The beauty of being a Pentecostal pastor is that anybody who can project their voice loud enough can do it. The task is made all the easier by a willing and enthusiastic audience who take peer pressure to a whole new level. Amongst a crowd of hyped-up worshippers, one can sense the impending repentance, the upwelling of tears and the loosening of various tongues. Right-minded people of gentle disposition become unrecognisable when miracles are approaching. An environment of infinite welcome radiates from the bleating flock. The lonely, the uncertain and the forgotten are thrust gently onto the stage by the tearful converted to be born again. There is nowhere else such a superficial display of human self-reflection and the abandonment of individuality.

Is there naught to be gained from such a display? Indeed, there is a multitude. Traditional churches can only gawp in envy at the dollars earned by the vanguard of Pentecostal Evangelists and Televangelists, driving heads and wallets into a frenzy with as much as 95 billion tax-free dollars raised each year in the US alone.* How about the suits? The stadiums? The private jets? According to purveyor of god’s word and global businessman, Benny Hinn, "God will begin to prosper you, for money always follows righteousness." Why do people listen then? The search for meaning in life is a difficult quest to be certain, and being told the answer is much easier than asking the question. All you need to do to make money is to dispense the answers at the pace of a Bold and the Beautiful plotline and the sheep will tune in every week.

In the meantime, the churches grow richer and the business model is catching on. Congregations in traditional churches are losing crowds to the glitz and glamour of evangelical churches and the US, as always, leads the way. Shameless miracle workers and prophets are popping up worldwide from Asia to Africa – with no shortage of silk suits and fine shoes. While witnessing a crowd speaking in tongues might make you question the power of the human mind, a packed stadium of forty year-old women crying to emotional rock ballads should remain Bon Jovi’s territory.

* A 2005 estimate based on GDP - churches need not declare financial statements.

Ireland


Before bursting the widget on this edition of DDW’s Complete Generalisations About Other Cultures, it must be noted that there is genuinely a Leprechaun Museum in Ireland. Being funny is serious business in the home of St. Patrick and taking the piss is the finest remedy against poor weather, potato famines or a thousand years of English bullying. After a few afternoon litres of Guiness, one can navigate the fine line between singy, jolly drunk and shouty, stabby drunk on the streets of Dublin – often before 6pm.

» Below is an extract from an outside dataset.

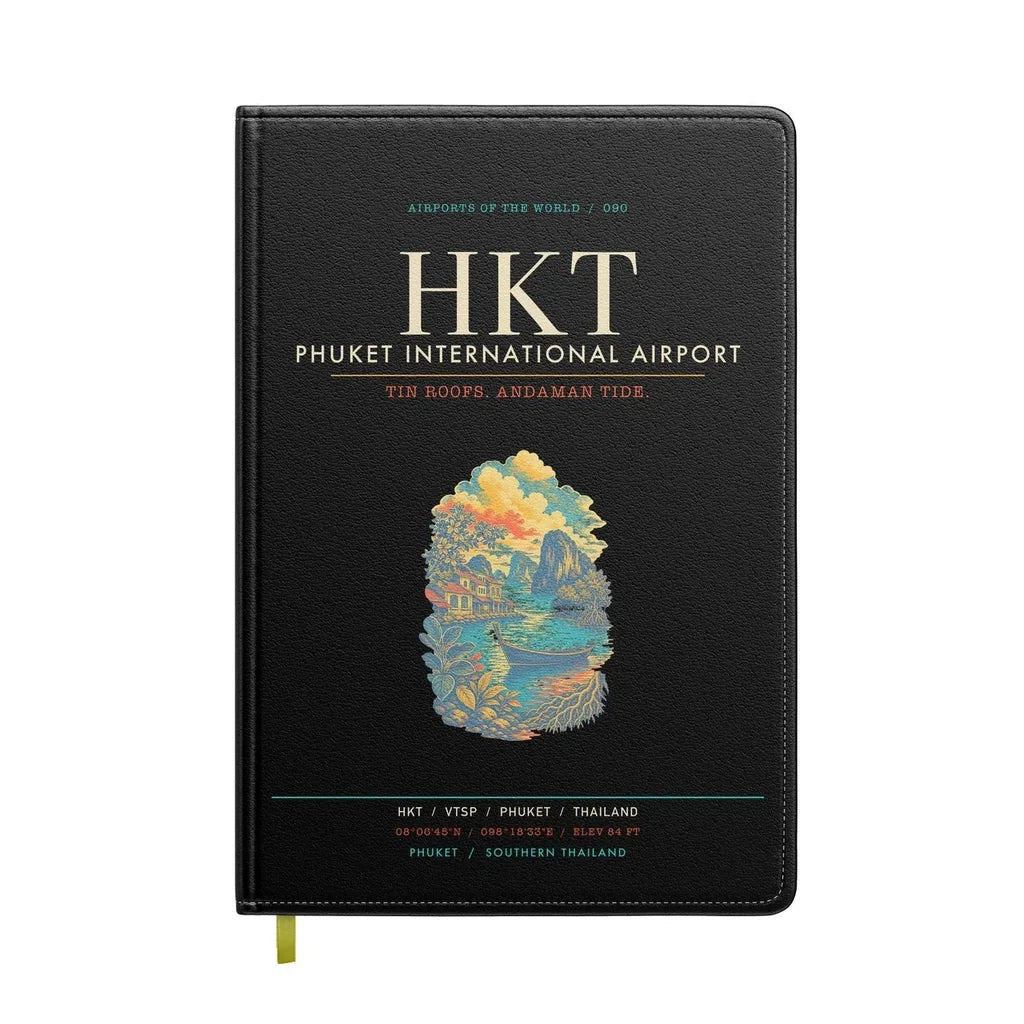Phuket International Airport HKT - Black
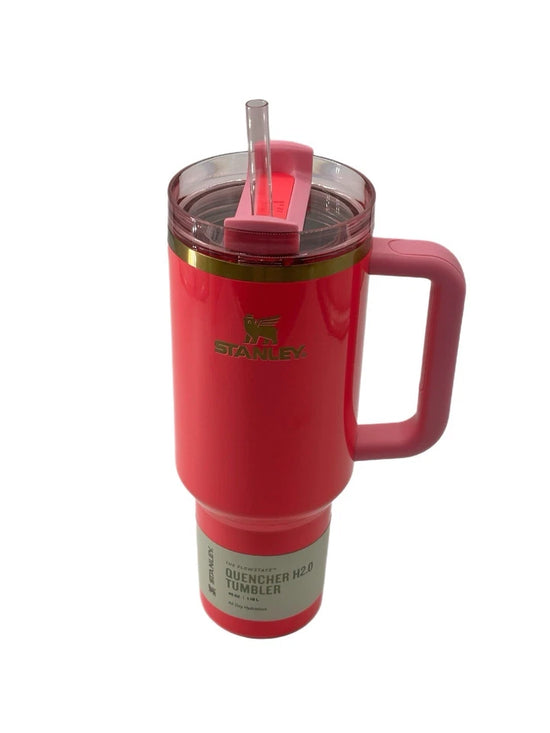 Stanley Pink Parade 40 oz Quencher H2.0 FlowState Tumbler – Limited Edition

Calling pubs the centre of Irish culture would be an exaggeration; they are also places of learning, music halls, counselling centres and insane asylums. The local watering hole is the most effective method to escape the occasional sunny day. Irish pubs produce an elite class of barmaid, one who can reject the advances even the most committed middle-aged man and still leave him with a smile on his face. Dispensers of holy libations and warming stews, pubs are the next best thing to do in Ireland besides church.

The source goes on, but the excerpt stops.